O novo sistema OPS no Porto de Leixões vai permitir que os navios de cruzeiro desliguem os motores atracados, passando a ser alimentados pela rede elétrica terrestre.
A partir de 2029, o Porto de Leixões deverá passar a dispor de um sistema de alimentação elétrica em terra para navios de cruzeiro, permitindo que estes desliguem os motores enquanto estiverem atracados. A solução, em desenvolvimento no âmbito de um projeto da APDL e da VINCI Energies em Portugal, deverá reduzir o consumo de combustível durante as escalas e cortar de forma significativa as emissões associadas à permanência dos navios em porto.

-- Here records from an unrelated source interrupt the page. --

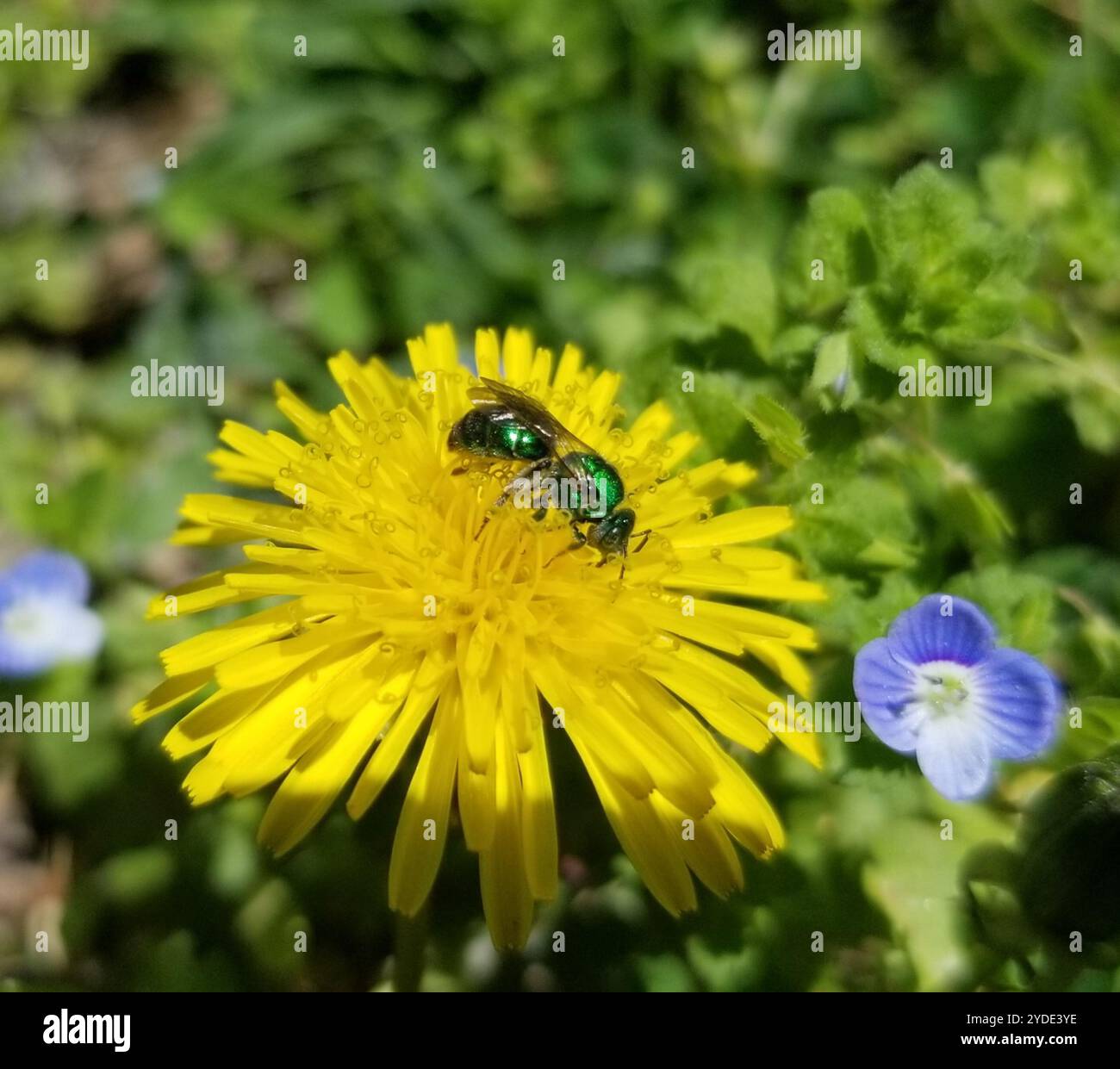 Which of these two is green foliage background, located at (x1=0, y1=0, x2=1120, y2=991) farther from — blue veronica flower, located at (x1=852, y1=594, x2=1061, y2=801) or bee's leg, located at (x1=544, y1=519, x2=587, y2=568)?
bee's leg, located at (x1=544, y1=519, x2=587, y2=568)

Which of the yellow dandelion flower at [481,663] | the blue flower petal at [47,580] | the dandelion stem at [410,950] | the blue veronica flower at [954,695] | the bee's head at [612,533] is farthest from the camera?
the blue flower petal at [47,580]

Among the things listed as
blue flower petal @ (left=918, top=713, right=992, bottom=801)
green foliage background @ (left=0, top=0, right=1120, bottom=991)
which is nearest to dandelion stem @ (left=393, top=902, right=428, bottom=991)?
green foliage background @ (left=0, top=0, right=1120, bottom=991)

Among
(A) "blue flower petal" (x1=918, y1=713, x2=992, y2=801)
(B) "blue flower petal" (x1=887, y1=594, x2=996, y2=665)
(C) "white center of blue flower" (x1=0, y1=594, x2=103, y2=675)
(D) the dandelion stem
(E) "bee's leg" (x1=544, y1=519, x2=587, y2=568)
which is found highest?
(E) "bee's leg" (x1=544, y1=519, x2=587, y2=568)

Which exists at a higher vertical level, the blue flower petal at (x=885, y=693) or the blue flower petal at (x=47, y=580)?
the blue flower petal at (x=47, y=580)

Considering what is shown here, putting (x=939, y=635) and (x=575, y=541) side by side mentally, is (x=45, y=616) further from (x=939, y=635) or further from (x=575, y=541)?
(x=939, y=635)

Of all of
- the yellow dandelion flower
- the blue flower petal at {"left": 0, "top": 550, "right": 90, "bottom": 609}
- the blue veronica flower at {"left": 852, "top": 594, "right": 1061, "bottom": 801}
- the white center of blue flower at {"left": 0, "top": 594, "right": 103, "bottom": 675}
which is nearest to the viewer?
the yellow dandelion flower

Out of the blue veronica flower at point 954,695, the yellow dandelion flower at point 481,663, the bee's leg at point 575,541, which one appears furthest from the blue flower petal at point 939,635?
the bee's leg at point 575,541

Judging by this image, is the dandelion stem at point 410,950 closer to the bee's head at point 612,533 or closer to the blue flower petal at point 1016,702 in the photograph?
the bee's head at point 612,533
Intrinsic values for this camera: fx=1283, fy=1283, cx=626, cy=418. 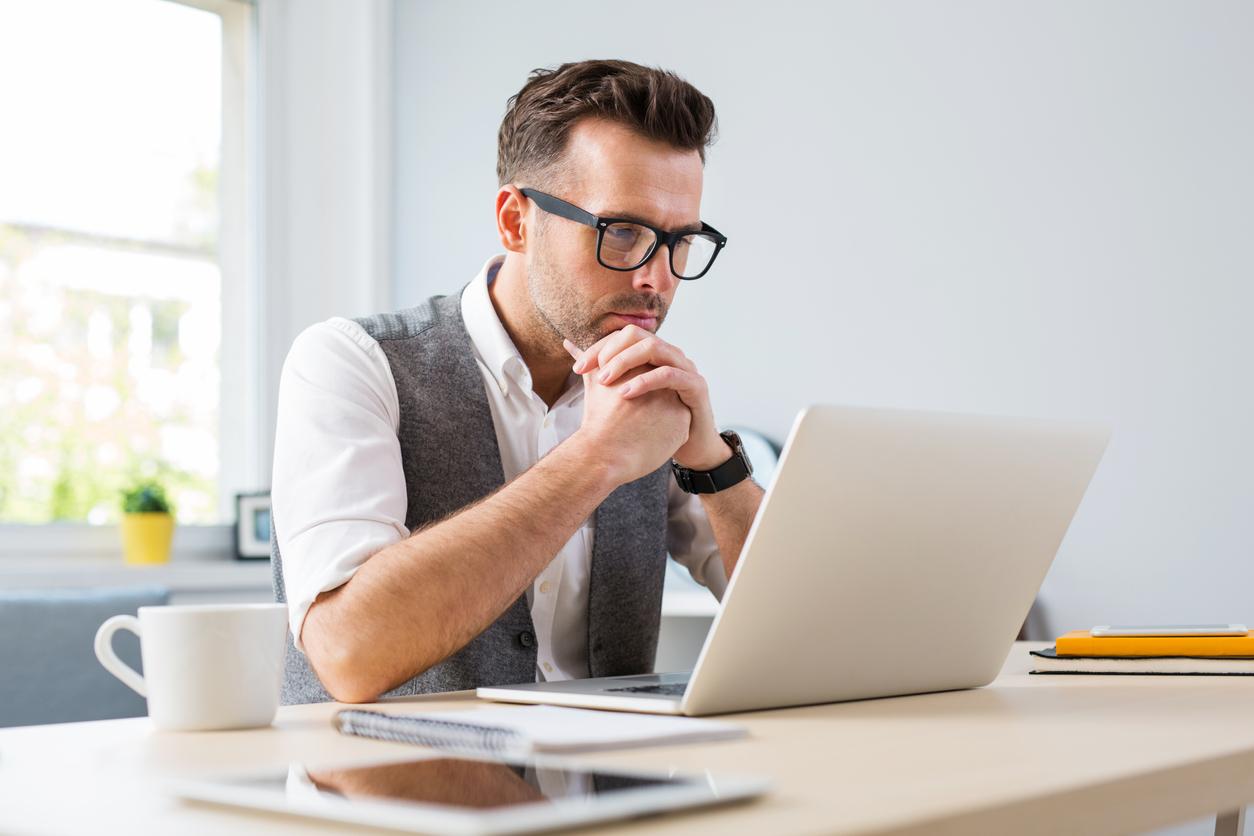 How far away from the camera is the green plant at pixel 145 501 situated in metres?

Conhecido pela sigla OPS, de Onshore Power Supply, o sistema vai permitir a ligação direta dos navios à rede elétrica terrestre, assegurando a alimentação dos seus sistemas elétricos e operacionais sem recurso aos geradores a diesel. Por exemplo, um navio de cruzeiro pode consumir, numa única escala, energia equivalente à de milhares de habitações, com necessidades que podem chegar aos 50 a 70 MWh, valores que passarão a ser suportados pela rede em terra.
O projeto está a ser desenvolvido em consórcio pelas marcas Omexom e Actemium, da VINCI Energies, com recurso também à experiência técnica da Actemium em França. A infraestrutura terá capacidade para fornecer até 16 MVA, embora numa primeira fase esteja prevista uma potência de 8 MVA, com evolução posterior para a capacidade total instalada.

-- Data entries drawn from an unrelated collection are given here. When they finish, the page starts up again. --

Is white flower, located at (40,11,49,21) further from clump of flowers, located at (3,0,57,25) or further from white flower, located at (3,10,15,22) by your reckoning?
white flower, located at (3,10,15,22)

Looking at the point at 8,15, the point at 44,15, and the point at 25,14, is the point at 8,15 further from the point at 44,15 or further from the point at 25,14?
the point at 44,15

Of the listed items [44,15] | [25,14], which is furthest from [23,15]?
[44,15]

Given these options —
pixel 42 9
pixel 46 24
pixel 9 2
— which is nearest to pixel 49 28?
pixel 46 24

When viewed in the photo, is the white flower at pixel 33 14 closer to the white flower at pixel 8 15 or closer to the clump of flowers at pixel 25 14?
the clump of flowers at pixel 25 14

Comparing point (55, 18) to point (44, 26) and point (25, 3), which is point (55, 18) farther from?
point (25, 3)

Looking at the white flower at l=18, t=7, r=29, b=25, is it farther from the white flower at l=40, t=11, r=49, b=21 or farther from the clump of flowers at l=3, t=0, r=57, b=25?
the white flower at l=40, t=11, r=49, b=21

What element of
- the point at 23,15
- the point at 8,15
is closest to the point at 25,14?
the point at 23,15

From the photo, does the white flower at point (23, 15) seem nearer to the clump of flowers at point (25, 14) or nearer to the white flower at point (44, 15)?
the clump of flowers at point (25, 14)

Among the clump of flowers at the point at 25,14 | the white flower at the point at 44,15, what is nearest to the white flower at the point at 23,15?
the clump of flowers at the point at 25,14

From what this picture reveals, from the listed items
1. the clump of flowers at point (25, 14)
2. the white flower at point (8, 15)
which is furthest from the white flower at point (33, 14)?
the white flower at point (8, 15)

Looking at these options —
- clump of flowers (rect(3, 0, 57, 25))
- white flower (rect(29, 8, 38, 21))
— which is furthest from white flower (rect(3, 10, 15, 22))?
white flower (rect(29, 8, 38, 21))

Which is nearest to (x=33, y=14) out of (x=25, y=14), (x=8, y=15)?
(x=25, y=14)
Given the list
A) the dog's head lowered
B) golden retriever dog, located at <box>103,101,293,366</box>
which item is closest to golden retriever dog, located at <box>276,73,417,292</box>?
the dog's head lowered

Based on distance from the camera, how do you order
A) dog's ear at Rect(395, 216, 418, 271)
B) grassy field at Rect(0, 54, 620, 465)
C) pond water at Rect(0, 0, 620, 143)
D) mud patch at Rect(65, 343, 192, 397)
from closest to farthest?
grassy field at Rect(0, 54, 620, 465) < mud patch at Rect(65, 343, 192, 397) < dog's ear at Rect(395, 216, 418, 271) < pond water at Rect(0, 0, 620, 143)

A solução foi desenhada para responder a diferentes tipos de navios, com alimentação a 50 ou 60 Hz e tensões de 6,6 kV ou 11 kV. Isso permite adaptar o sistema à diversidade de frotas que fazem escala no terminal de cruzeiros de Leixões, mantendo a compatibilidade com diferentes especificações elétricas.
A nível técnico, o projeto inclui uma subestação shore-side, alimentada pela infraestrutura elétrica já existente no terminal e equipada com sistemas de conversão de frequência e de tensão. Integra também um sistema móvel de gestão de cabos, que assegura a ligação dos navios à rede de forma segura e eficiente, bem como um sistema de controlo e monitorização automatizados e uma plataforma SCADA para supervisão em tempo real e futura integração numa gestão centralizada do porto.
Do ponto de vista ambiental e operacional, a utilização do OPS deverá permitir uma redução das emissões de CO₂ entre 70% e 90% por escala, além de diminuir o ruído associado à operação dos navios enquanto permanecem atracados no Porto de Leixões.